Dänemarks Justizminister Sören Pind spricht aus, was viele denken - auch diejenigen, denen dieses Anfang der 1970er-Jahre von Hausbesetzern gegründete autonome Christiania schon lange ein Dorn im Auge ist: "Das ist ein Angriff auf uns alle. Das ist auch ein Angriff auf den friedlichen Teil von Christiania. Jetzt ist es Zeit, aufzuwachen. Es geht hier um ein höchstkriminelles Milieu, wo man nicht mehr zögert, Waffen zu gebrauchen. Man schießt vermutlich absichtlich, um dänische Polizisten zu töten. Das ist eine komplett unakzeptable Entwicklung."
Christiania ist ein links-alternativer, autonomer Stadtteil in der dänischen Hauptstadt Kopenhagen. Auf dem 34 Hektar großen ehemaligen Militärgelände leben etwa 600 Menschen. Der Stadtteil entstand 1971 aus Protest gegen die dänische Regierung, die nach Meinung der Christiania-Bewohner nicht ausreichend bezahlbaren Wohnraum anbot. Probleme mit Gewalt und organisiertem Drogenhandel gab es in der Vergangenheit immer wieder.
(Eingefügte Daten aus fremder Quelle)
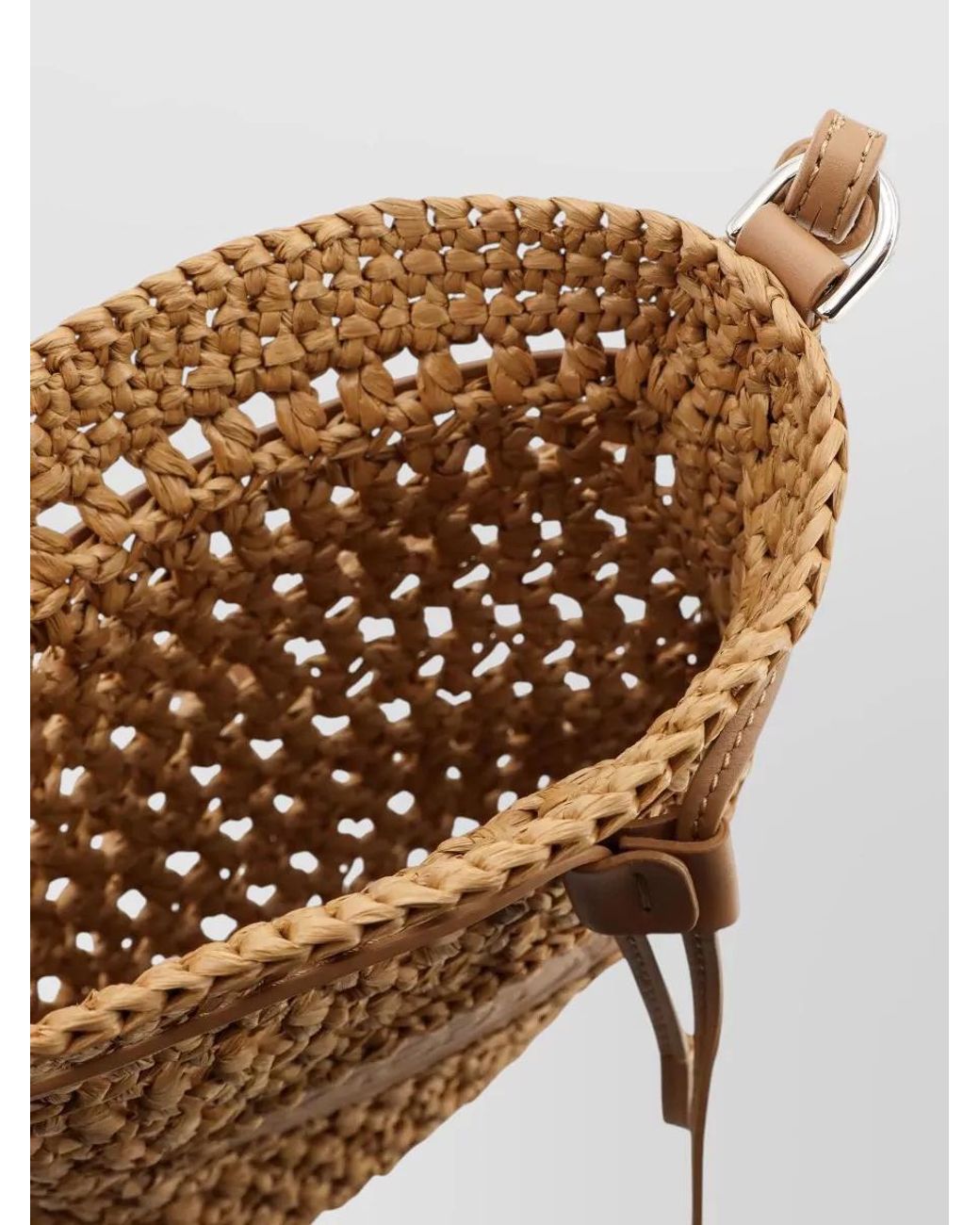 Tod's Natural Bucket Raffia Crochet Cross-Body Bag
Und eine Entwicklung mit Ansage. Als die Polizei vor zwölf Jahren zum ersten Mal versuchte, den Drogenhandel in der "Pusher Street" zu stoppen, da standen die Haschischbuden nach kurzer Zeit wieder. Aber hinter den Kulissen hatten Profis das Geschäft an sich gerissen und die Hippies aus dem Handel verdrängt.
Jetzt, nach der Schießerei, spüren die Bewohner der Kolonie, dass die Geduld der Dänen langsam am Ende ist und dass ihr Traum von der grenzenlosen Freiheit ausgeträumt sein könnte. Also haben sie etwas getan, was noch vor Wochen undenkbar gewesen wäre. Um ein Zeichen zu setzen und sicher auch, um der Polizei diesmal zuvorzukommen.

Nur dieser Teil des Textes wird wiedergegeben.